= Your objective =
Your response should be an exact transcription of the data, images excluded.

=== Section Start ===

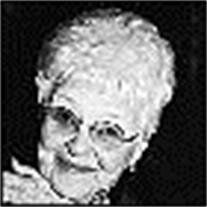 Dorothy (Thomson) Shaw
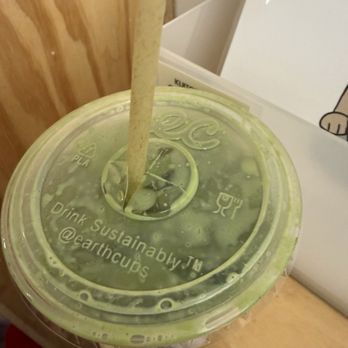 Kijitora - Cool recyclable straw - Coffee & Tea Near Me - Brooklyn, New York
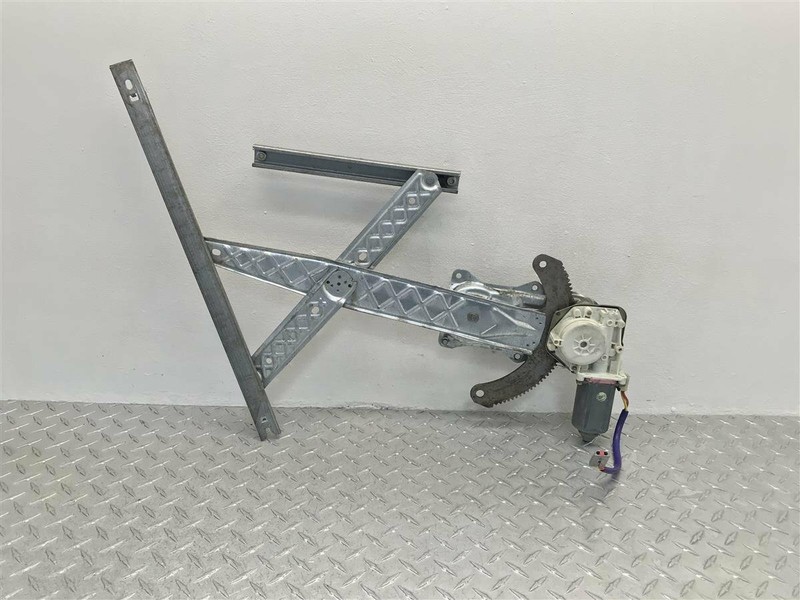 99-04 FORD F150 FRONT DRIVER LEFT DOOR WINDOW REGULATOR MOTOR OEM 125-02944L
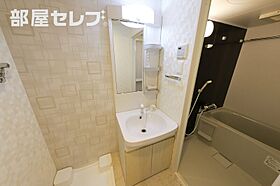 S-RESIDENCE浄心II  ｜ 愛知県名古屋市西区上名古屋2丁目16-2（賃貸マンション1K・2階・26.20㎡） その13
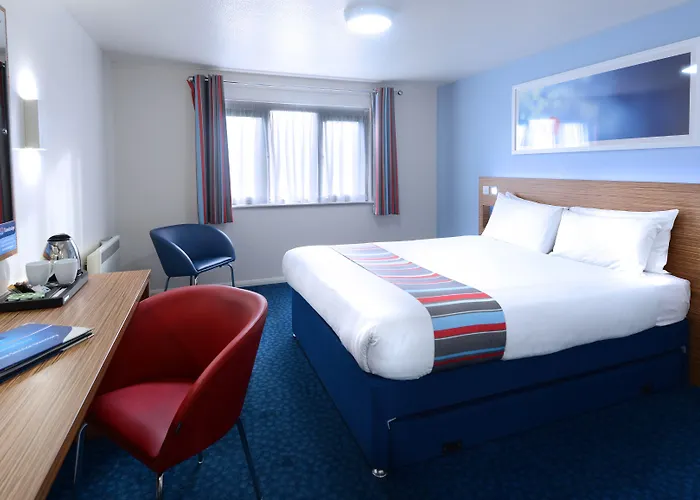 Travelodge Limerick Castletroy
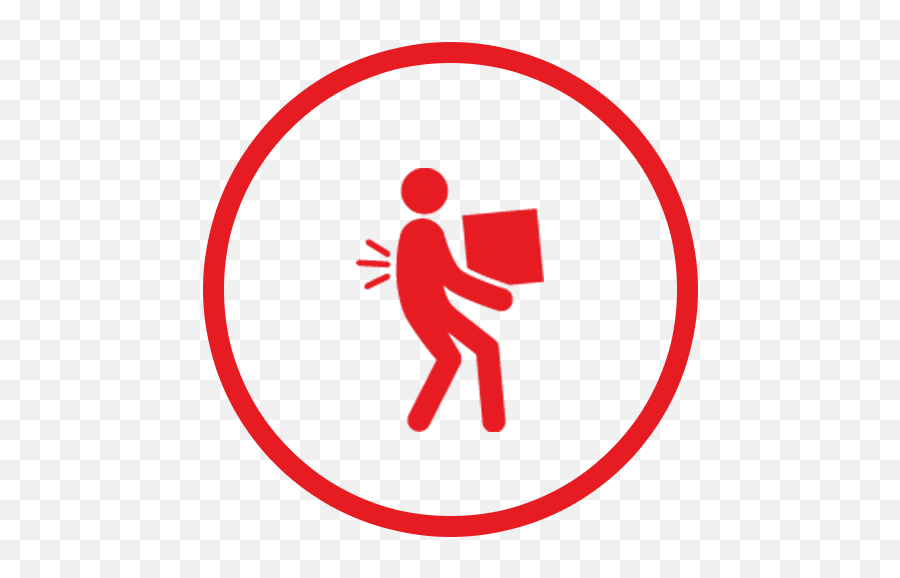 Ergonomics In The Workplace - Ergonomics Logo Png,Manual Handling Icon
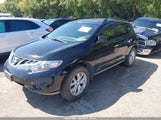Nissan Murano Sl JN8AZ1MW6CW218819 снимка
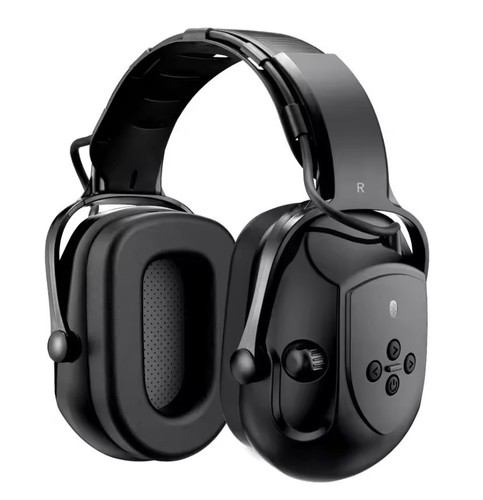 Mpow bluetooth ear defenders - mpow,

=== Section End ===

= Your solution =
 Dorothy (Thomson) Shaw
 Kijitora - Cool recyclable straw - Coffee & Tea Near Me - Brooklyn, New York
 99-04 FORD F150 FRONT DRIVER LEFT DOOR WINDOW REGULATOR MOTOR OEM 125-02944L
 S-RESIDENCE浄心II  ｜ 愛知県名古屋市西区上名古屋2丁目16-2（賃貸マンション1K・2階・26.20㎡） その13
 Travelodge Limerick Castletroy
 Ergonomics In The Workplace - Ergonomics Logo Png,Manual Handling Icon
Nissan Murano Sl JN8AZ1MW6CW218819 снимка
 Mpow bluetooth ear defenders - mpow,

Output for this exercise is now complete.